N.M. : Lorsque la guerre a commencé, je me suis rendu compte que le film contenait la possibilité de cette violence. Le réel enlève finalement toute la dimension humaniste et poétique de ce film. À chaque jour du conflit, des bombes ont détruit des immeubles, des routes, des champs et tué des personnes. Avec ce qu’il s’est passé, ces immeubles, ces routes et ces champs que nous avons filmés font du film une archive, un document du Haut-Karabagh en paix. C’est l’espoir d’un Haut-Karabagh paisible qui était dans le cœur de tous nos interlocuteurs sur place et qui était mon désir qui a été filmé. Si le vent tombe nous rappelle que le monde ne voulait pas voir ce pays sous un cessez-le feu et que, de la même manière, il refuse de le voir quand il est en feu.

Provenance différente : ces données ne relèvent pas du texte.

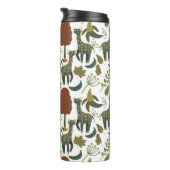 Giraffenmuster | farbiges Blumenmuster Thermosbecher (Nach rechts gedreht)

Le film est donc une preuve de l’existence de ce pays et c’est extrêmement troublant de porter cela : étant cinéaste et non politique, je pense que nous devons cependant accepter ce qu’est devenu le film.
Cette actualité mais aussi la situation sanitaire vont-elles avoir une incidence sur la vie du film, remarqué dans la sélection cannoise et par l'Acid ?

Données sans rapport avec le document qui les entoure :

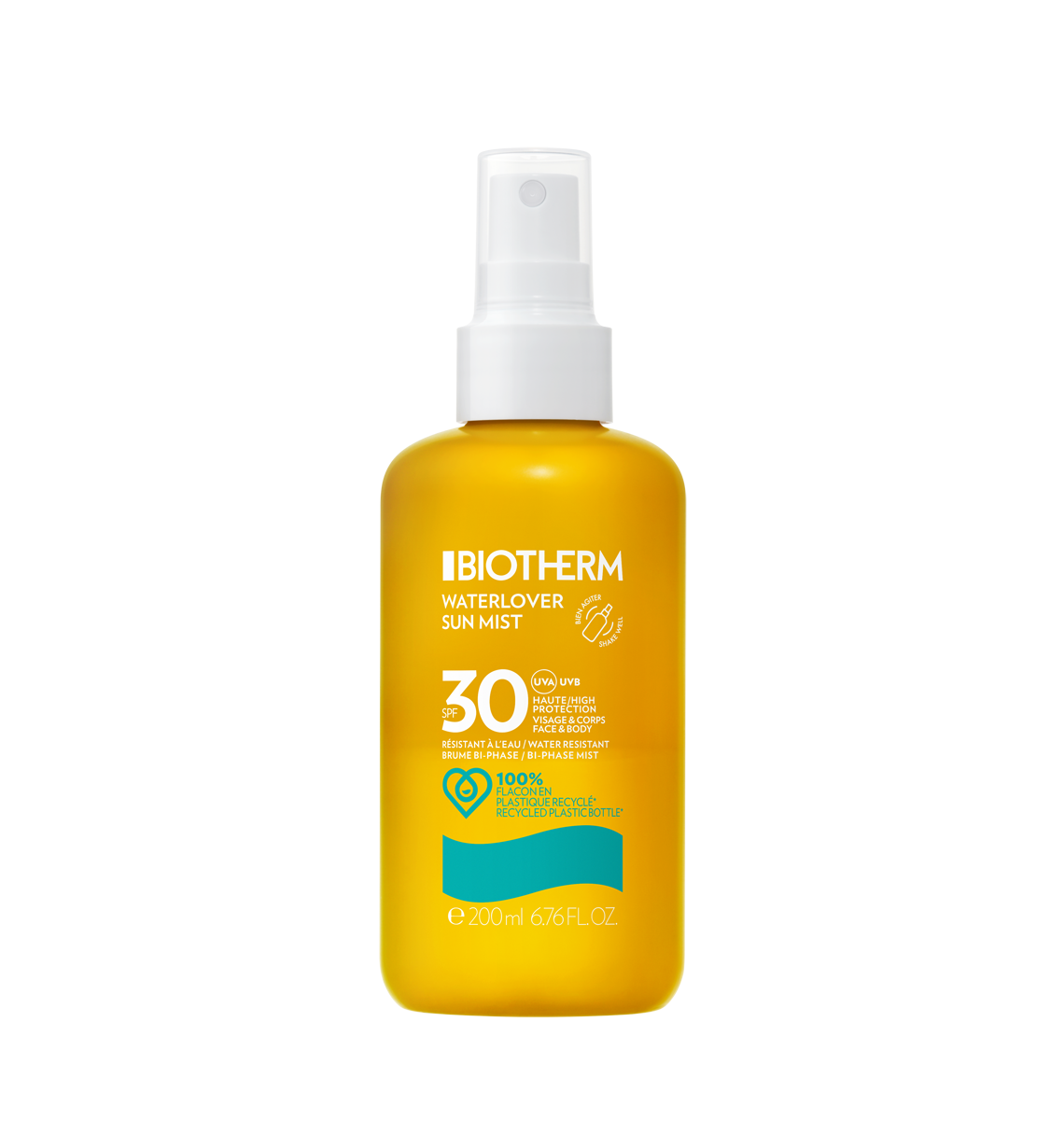 Biotherm Waterlover Sun Mist Sólarvarnir SPF30, 200 ml.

N.M. : Pour dire les choses très simplement, je voulais raconter une toute petite chose, que personne ne voulait alors regarder. Chaque spectateur qui s’intéresse au film parce qu’il a eu connaissance de la guerre est une personne de plus de conquise. Le film a vécu pendant près d’un mois, avant la sortie initialement prévue en novembre dernier et donc reportée, et a été d’abord reçu avec une légèreté et une curiosité pour le pays qui me plaisaient énormément. Dès que la guerre a commencé, la réception est devenue évidemment plus grave puisque ce que je propose au public n’a plus le même détachement au réel. Le film a gardé le témoignage d'une époque révolue en attrapant quelque chose qui n'existe plus. La sortie en Arménie en mars dernier fut un moment très fort émotionnellement. Après une longue attente, c'est avec prudence mais aussi avec joie que je vais présenter le film au public français.
J.P. : Cette sortie officielle en Arménie était très importante puisqu'il s'agissait de la première sortie internationale du film. La productrice arménienne Ani Vorskanyan s'est fortement impliquée pour que cela ait lieu malgré les difficultés financières du pays. Comme Nora, après une longue attente, j'ai envie de montrer ce film qui apporte une forte contribution à la fois d'un point de vue cinématographique mais aussi pour sa dimension politique.